== Work task ==
Nothing but the lines from the one holding "Robot MasterChef Cat 3D Model" through the last line of the material below should be set down, exactly and without images.

== Source data ==
###

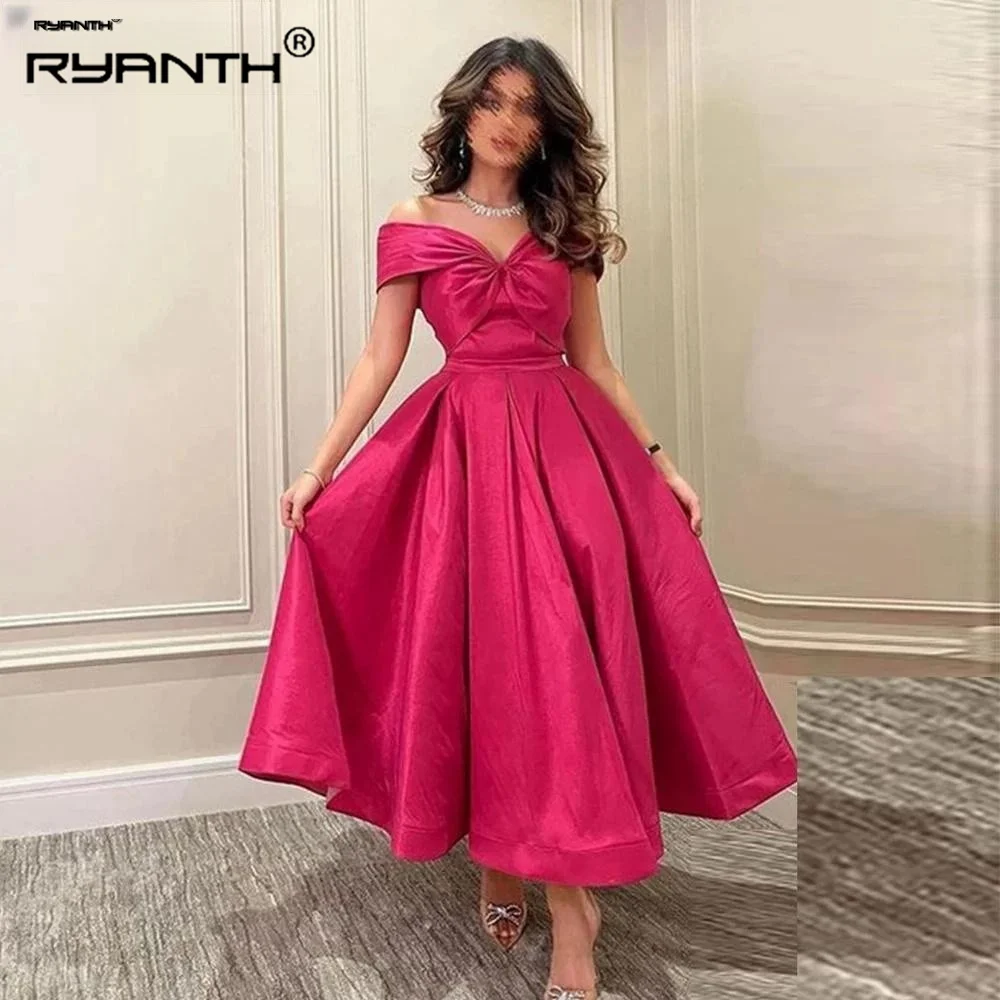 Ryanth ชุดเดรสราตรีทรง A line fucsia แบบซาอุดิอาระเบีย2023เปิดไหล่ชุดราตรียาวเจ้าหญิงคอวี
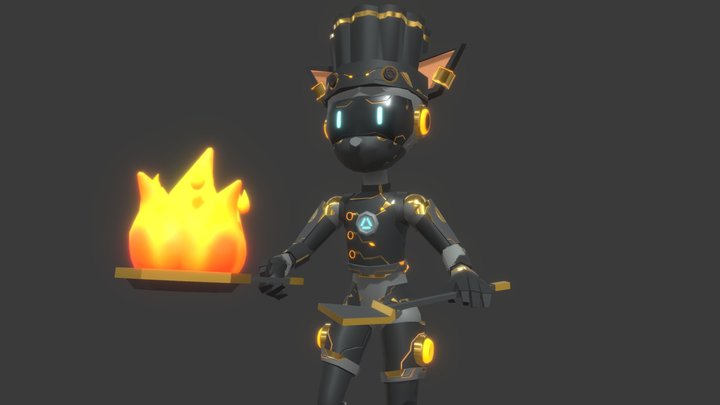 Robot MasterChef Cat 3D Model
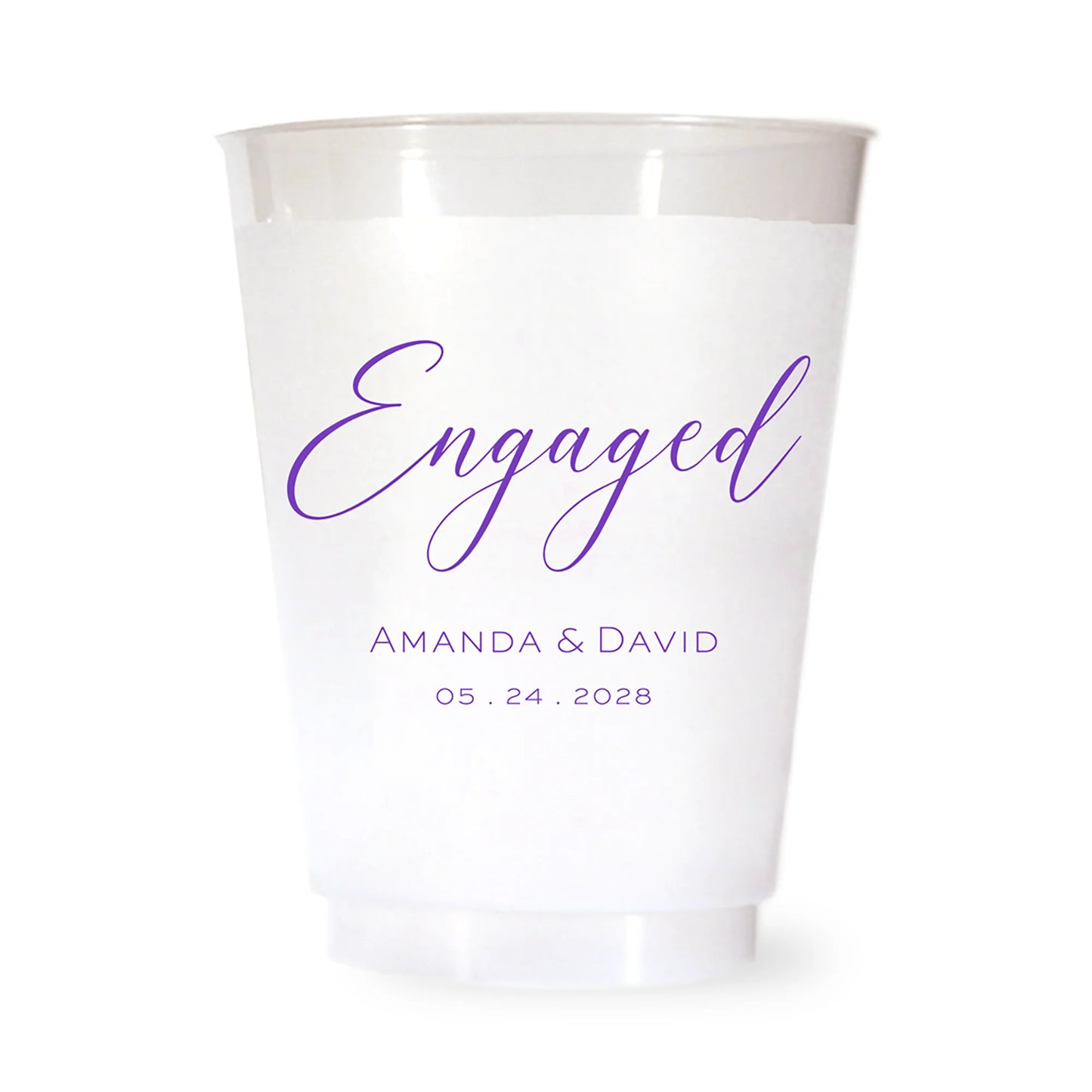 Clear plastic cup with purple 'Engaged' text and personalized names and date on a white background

###

== Output below ==
 Robot MasterChef Cat 3D Model
 Clear plastic cup with purple 'Engaged' text and personalized names and date on a white background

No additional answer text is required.